Landmarks languish in limbo

Freedom New Mexico: Liliana Castillo Clovis MainStreet helped secure two grants to clean up the Hotel Clovis earlier this year.

By Eric Butler: Freedom New Mexico

The excitement is almost tangible when some locals talk about rebuilding the oldest, grandest hotels in Clovis and Portales.

But if hope puts gleam in the eyes, reality often provides the floaters.

Still, those with the dream press on.

“I’m not concerned,” said Robyne Beaubien, executive director of Clovis MainStreet, when asked about a delay transferring ownership of the Hotel Clovis between the city and Tierra Realty of Taos.

“It’s my understanding that the developer they’re negotiating with is looking to do housing and if tax credits are part of it, that application process isn’t even until January,” said Beaubien. Her group helped secure two grants to clean up the Hotel Clovis earlier this year.

In April, Clovis city commissioners approved a transfer of ownership for the 78-year-old facility to Tierra Realty. At the time, it was hoped the transfer paperwork would be completed by July 31.

According to Clovis City Manager Joe Thomas, however, a final agreement has not yet been reached.

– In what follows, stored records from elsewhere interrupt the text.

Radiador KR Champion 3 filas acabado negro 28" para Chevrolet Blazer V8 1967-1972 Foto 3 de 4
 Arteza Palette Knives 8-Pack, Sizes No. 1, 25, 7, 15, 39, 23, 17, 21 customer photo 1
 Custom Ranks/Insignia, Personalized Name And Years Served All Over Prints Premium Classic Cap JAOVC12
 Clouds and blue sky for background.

“We are still trying to finalize a contract with the proposed developer,” said Thomas, who said no unusual delays were taking place. “Nothing other than the usual give-and-take on the contract. They make a recommendation and we look at it, we make a counter-recommendation — it’s just negotiation back and forth.”

Tierra Realty, owned by Steve Crozier, expressed interest in turning the structure into an apartment complex. It’s the closest the Hotel Clovis has come to renewal since it closed in 1983.

The Portales Inn, however, has been this close, too.

The four-story building a block south of east-bound traffic on U.S. Highway 70 has been shut down since 2000. In 2006, owners of businesses nearby were certain it was going to reopen soon and expressed their excitement, or indifference, according to an article in the Portales News-Tribune.

It never happened.

“I wasn’t here, but it was probably a speculative announcement. I’m sure it was a developer who was excited about it,” said Greg Fisher, economic development director for the Roosevelt County Community Development Corp.

“Once we had a guy out of Santa Fe who was really into it. That was in ‘08, but his wife didn’t want him coming down here all the time,” Fisher said. “We had another group who did a whole assessment on it and they almost got there, but didn’t quite. Then the recession hit.”

The Portales Inn, which originally opened as the Calboykin Hotel in 1951, was the focus of a visit last week from a group of California developers.

Danny Woodward, president of Portales MainStreet, tried to suppress optimism about turning the old hotel into a viable part of modern downtown Portales — “tried” being the operative word.

“We’re showing it all the time. Whether someone wants to come in and show apartments and turn the downstairs into retail — we can utilize any of that,” said Woodward of the 60-room structure. “It’s in good shape; it shows very well. The structure is very, very sound and that last guy we showed it to was impressed.”

Portales MainStreet is actually the owner of the Portales Inn. The ownership came as part of a trade with Western Bank, which was looking for land in return for a swap, according to Woodward.

In Clovis, the city acquired the Hotel Clovis in 2004. For the time being, it’s still in possession of the city.

In the works, according to all involved, is the pending $13 million project to turn it into apartments — with the city committed to $500,000 of that amount.

“It takes time; everything is incremental when it comes to revitalizing downtown,” Beaubien said. “You take little steps and then something big happens and then you take some more little steps.

“It (the Hotel Clovis) has sat vacant for many years and it’s not going to be fixed overnight.”